BEGIN
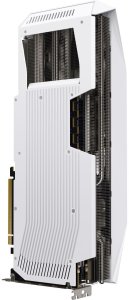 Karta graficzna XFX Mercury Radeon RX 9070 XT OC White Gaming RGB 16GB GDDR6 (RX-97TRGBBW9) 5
END
BEGIN
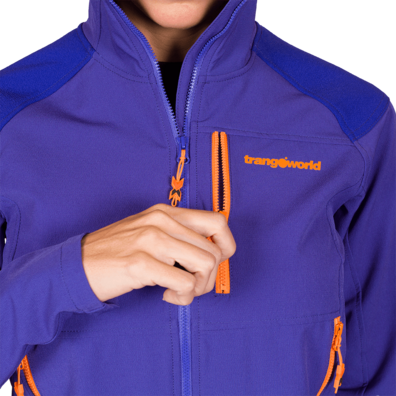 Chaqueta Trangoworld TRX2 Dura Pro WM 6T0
END
BEGIN
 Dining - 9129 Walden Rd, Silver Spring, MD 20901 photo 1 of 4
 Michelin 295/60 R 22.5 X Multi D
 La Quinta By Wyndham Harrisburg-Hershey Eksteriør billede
END
* _Your task_
Take the entries above and return only the lines from the one with "Dining - 9129" to the one with "La Quinta By", both included, unchanged.

* _Task answer_
 Dining - 9129 Walden Rd, Silver Spring, MD 20901 photo 1 of 4
 Michelin 295/60 R 22.5 X Multi D
 La Quinta By Wyndham Harrisburg-Hershey Eksteriør billede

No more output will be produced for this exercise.